* _Data extracts_
+===+
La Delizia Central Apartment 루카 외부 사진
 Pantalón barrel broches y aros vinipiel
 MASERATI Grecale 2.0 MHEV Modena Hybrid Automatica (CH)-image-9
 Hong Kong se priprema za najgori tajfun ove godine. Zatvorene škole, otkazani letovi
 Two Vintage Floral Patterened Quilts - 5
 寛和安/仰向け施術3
+===+
* _Prompt_
Set down, word for word, every line from the line that holds "MASERATI Grecale 2.0" to the end of the entries above, including both ends.

* _Answer space_
 MASERATI Grecale 2.0 MHEV Modena Hybrid Automatica (CH)-image-9
 Hong Kong se priprema za najgori tajfun ove godine. Zatvorene škole, otkazani letovi
 Two Vintage Floral Patterened Quilts - 5
 寛和安/仰向け施術3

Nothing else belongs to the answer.